Hasta los pollos de más alta calidad son portadores de bacterias peligrosas. Si come pollo que no esté bien cocido o que ha sido mal procesado, tiene muchas posibilidades de enfermarse, según lo que indican nuestras pruebas. Los análisis de Consumer Reports revelaron que el 83 por ciento de los pollos para asar comprados en cualquier parte de la nación eran portadores de campylobacter o salmonella, bacterias que son las principales causantes de enfermedades transmitidas en los alimentos.

Esto representa un incremento sorprendente desde el 2003 cuando informamos que el 49 por ciento de las aves analizadas habían dado positivo de una o ambas bacterias patógenas. Los principales productores de pollos han estabilizado la incidencia de salmonella, pero la campylobacter, una bacteria de forma espiral, se ha introducido en más pollos que nunca. Si bien es cierto que el Departamento de Agricultura de los Estados Unidos realiza pruebas en los pollos para que la salmonella no rebase el estándar federal, no ha establecido un estándar para la campylobacter.

Nuestros resultados muestran que se debería establecer un estándar. Más que nunca, son los consumidores los que deben protegerse cocinando el pollo a una temperatura mínima de 165°F y teniendo precaución de no contaminar otros alimentos.

¿Piensa que las marcas de calidad superior son más seguras?
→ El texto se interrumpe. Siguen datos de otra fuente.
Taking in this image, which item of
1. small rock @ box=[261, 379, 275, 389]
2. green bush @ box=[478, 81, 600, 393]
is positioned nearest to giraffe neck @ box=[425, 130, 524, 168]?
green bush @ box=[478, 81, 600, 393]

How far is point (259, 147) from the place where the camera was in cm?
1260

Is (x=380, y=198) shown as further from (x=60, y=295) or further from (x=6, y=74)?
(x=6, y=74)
En general, los pollos etiquetados como orgánicos o criados sin antibióticos y que cuestan de $3 a $5 por libra resultaron ser más propensos a tener salmonella que los que son producidos convencionalmente y que cuestan alrededor de $1 por libra.

Más aún, la mayoría de las bacterias que encontramos en todos los tipos de pollos contaminados mostraron resistencia a uno o más antibióticos, incluidos los que les dan a algunos pollos para acelerar su crecimiento y los recetados a los humanos para el tratamiento de infecciones. Los resultados sugieren que algunas personas que se enferman por consumir la carne de pollo necesitan probar varias clases de antibióticos antes de encontrar una que les funcione.

La primavera pasada, en 23 estados, se realizó el análisis de contaminación y resistencia de antibióticos más grande a nivel nacional que se haya publicado jamás. Hicimos pruebas con 525 pollos enteros para asar, a la venta en supermercados, mercados al mayoreo, tiendas gastronómicas y tiendas de productos naturistas. Se incluyeron en el estudio cuatro de las marcas más vendidas (Foster Farms, Perdue, Pilgrim's Pride y Tyson), 10 orgánicas y 12 no orgánicas y sin antibióticos, incluidas tres marcas que utilizan "enfriamiento por aire" que es un nuevo proceso que se usa en el rastro o matadero, diseñado para reducir la contaminación. Algunos de los hallazgos son:
  • "La bacteria campylobacter estaba presente en el 81 por ciento de los pollos, salmonella en un 15 por ciento y ambas en un 13 por ciento. Solamente el 17 por ciento no tenía ninguno de estos patógenos. Este es el porcentaje más bajo de aves limpias en nuestras cuatro pruebas desde 1998 y mucho menos que el 51 por ciento de aves limpias que se encontraron en nuestro informe de 2003.
  • En general, ninguna de las marcas importantes tuvo mejores resultados que las otras. Los pollos de Foster Farms, Pilgrim's Pride y Tyson resultaron tener una incidencia de salmonella más baja que Perdue, pero tuvieron una incidencia más alta en campylobacter.
  • Hubo una excepción a los malos resultados de la mayoría de los pollos de mejor calidad. Como en pruebas anteriores, "Ranger"( una marca sin antibióticos que se vende en el noroeste) resultó extremadamente limpia. De los 10 ejemplos que analizamos ninguno tenía salmonella y solo dos tenían campylobacter.
  • Entre todas las marcas, el 84 por ciento de la salmonella y el 67 por ciento de los organismos campylobacter que analizamos demostraron resistencia a uno o más antibióticos.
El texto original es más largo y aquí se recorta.